Our type language will be richer this time, to demonstrate that adding features to the language won't complicate our definition of substitution.

data Type : Set where
  void unit : Type
  _=>_ _×_ _+_ : (A B : Type) -> Type

We use functions as contexts:

Cx : Set1
Cx = Type -> Set

∅ : Cx
∅ _ = ⊥

_∪_ : (Γ Δ : Cx) → Cx
(Γ ∪ Δ) A = Γ A ⊎ Δ A

singleton : Type → Cx
singleton A B = A ≡ B

_∷_ : Type → Cx → Cx
A ∷ Γ = singleton A ∪ Γ

_⊇_ : (Γ Δ : Cx) → Set
Γ ⊇ Δ = ∀{a} → Δ a → Γ a

Now we come to the meat of the subject. A value of type Sig ─ a premise signature ─ represents the types of the arguments to a term former, or equivalently, the premises of a particular typing rule.

data Sig : Set1 where
  -- No arguments/premises.
  nil : Sig

  -- A pair of arguments or conjunction of premises.
  _∧_ : (P Q : Sig) → Sig

  -- A binder; a premise P beneath a context Γ of newly
  -- bound variables.
  _▷_ : (Γ : Cx) (P : Sig) → Sig

  -- A term of a given type.
  term : (A : Type) → Sig

Note that in term, we don't provide a context; the conclusion's typing context is implicitly threaded through all premises.

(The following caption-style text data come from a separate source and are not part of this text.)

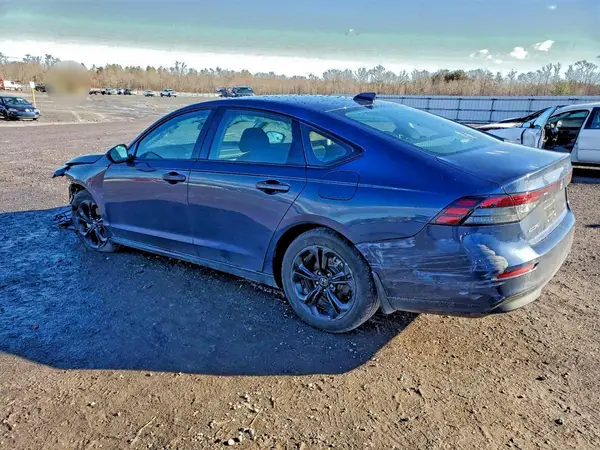 1HGCY1F41SA043640 2025 HONDA ACCORD - Image 2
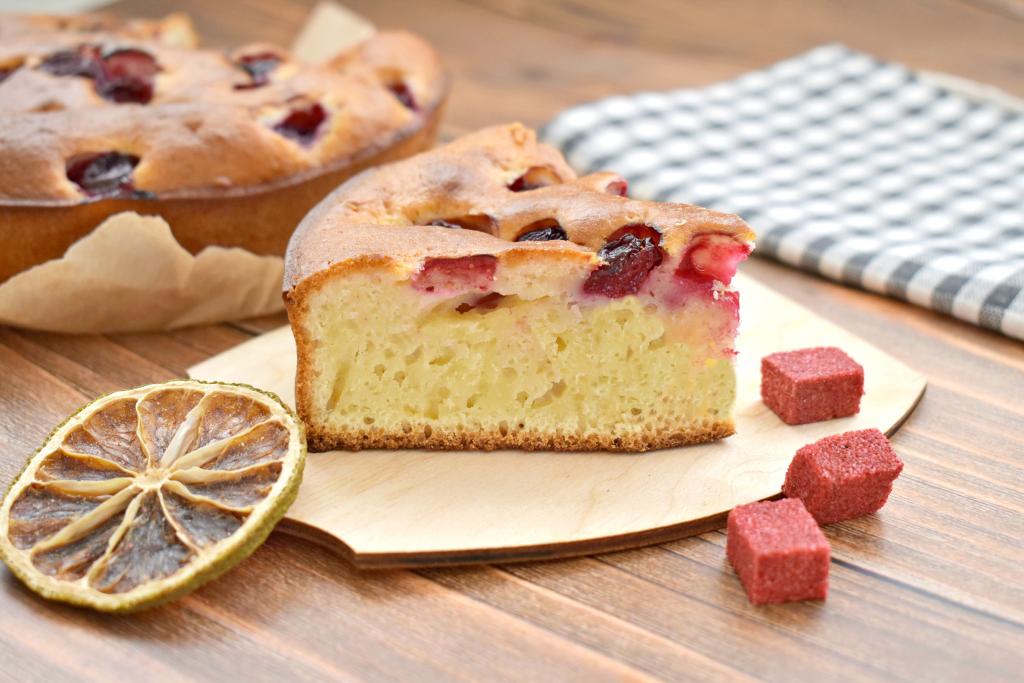 Пирог с вишней, пошаговый рецепт на ккал, фото, ингредиенты - fanta4ka (Марьяна)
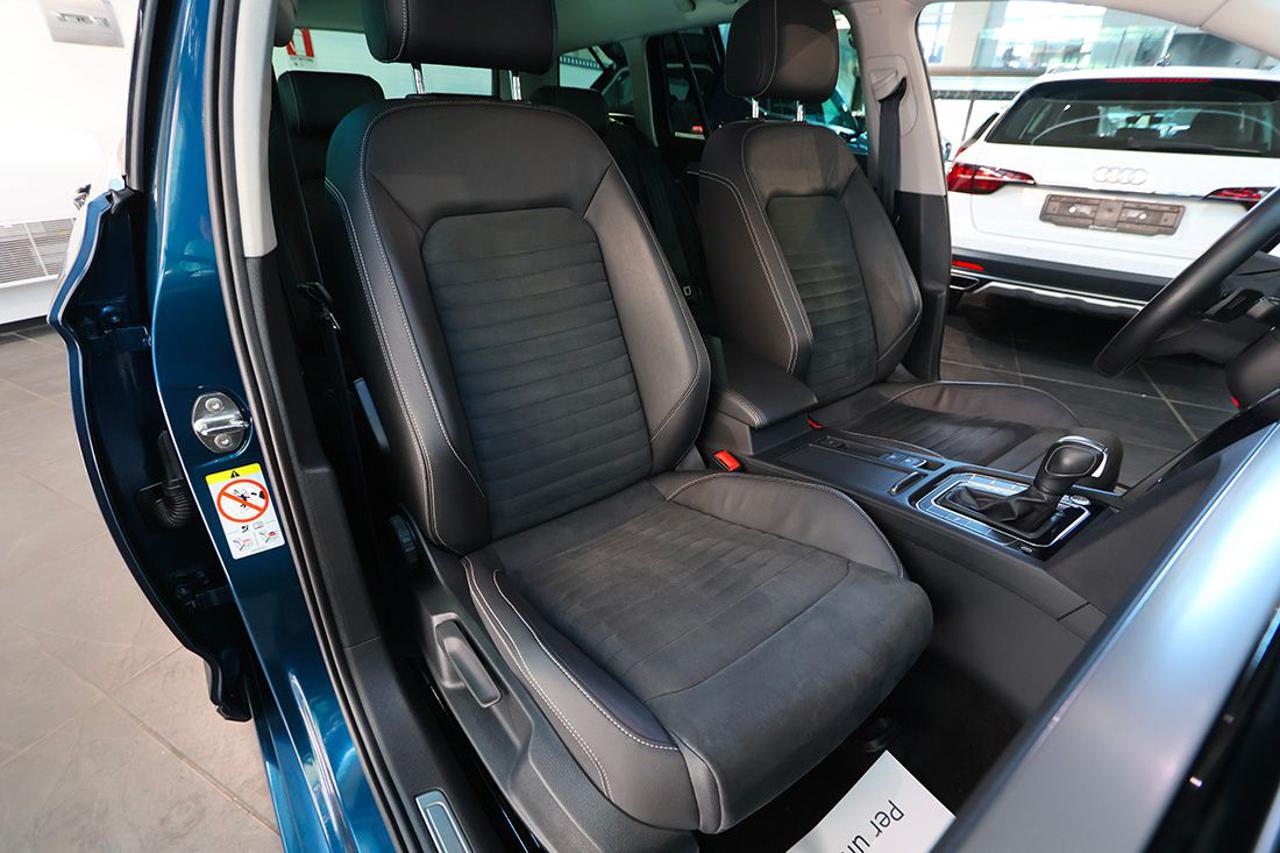VOLKSWAGEN Passat Variant 2.0 TDI SCR EVO DSG Executive - 17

This is the crucial choice that lets substitution be implemented generically. It's also why this particular definition of Sig can't handle linear or modal logics.

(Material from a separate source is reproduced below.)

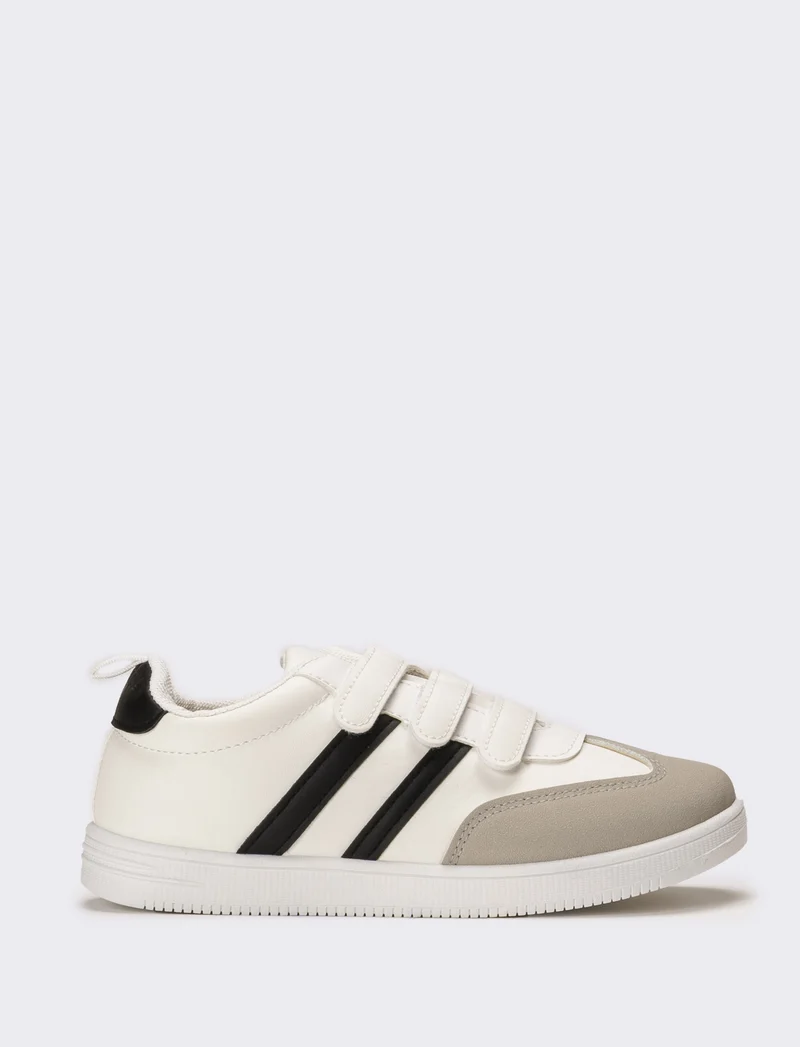 Sneakers da bambino con strappi - Bianco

For example, let's consider the rules for pairs and functions.

Γ ⊢ M : A   Γ ⊢ N : B
────────────────────── pair
 Γ ⊢ (M,N) : A × B

 Γ,x:A ⊢ M : B
───────────────── lambda
Γ ⊢ λx.M : A → B

We can represent these rules' premises like so:

pair-premise λ-premise : (A B : Type) → Sig
pair-premise A B = term A ∧ term B  
λ-premise A B = singleton A ▷ term B

Note that we aren't representing whole rules here, just their premises. To represent a typing rule, we also need its conclusion. For our purposes, the conclusion of a typing rule is characterized by the type of the term it produces; the context is left implicit. We represent inference rules, or term formers, as constructors of the type P ⊩ A, where P is the premise signature and A the type of the conclusion, i.e. of the term formed. To demonstrate that our definition of substitution really is generic, we'll encode a moderately complex term syntax:

data _⊩_ : Sig → Type → Set where
  lam : ∀{A B} → singleton A ▷ term B ⊩ A => B
  app : ∀{A B} → term (A => B) ∧ term A ⊩ B
  pair : ∀{A B} → term A ∧ term B ⊩ A × B
  proj : ∀{A B} (left : Bool)
      → term (A × B) ⊩ (if left then A else B)
  inj : ∀{A B} (left : Bool)
      → term (if left then A else B) ⊩ A + B
  case : ∀{A B C}
       → term (A + B)
         ∧ singleton A ▷ term C
         ∧ singleton B ▷ term C
         ⊩ C
  duh : nil ⊩ unit            -- unit introduction
  wat : ∀{A} → term void ⊩ A  -- void elimination
  -- General recursion at any type, because why not?
  fix : ∀{A} → singleton A ▷ term A ⊩ A

Now, at last, we can define the type of well-typed terms in a given context. In fact, we'll do more than that: we'll define the type of well-typed arguments to a term former ─ in other words, of proofs of the premises of an inference rule.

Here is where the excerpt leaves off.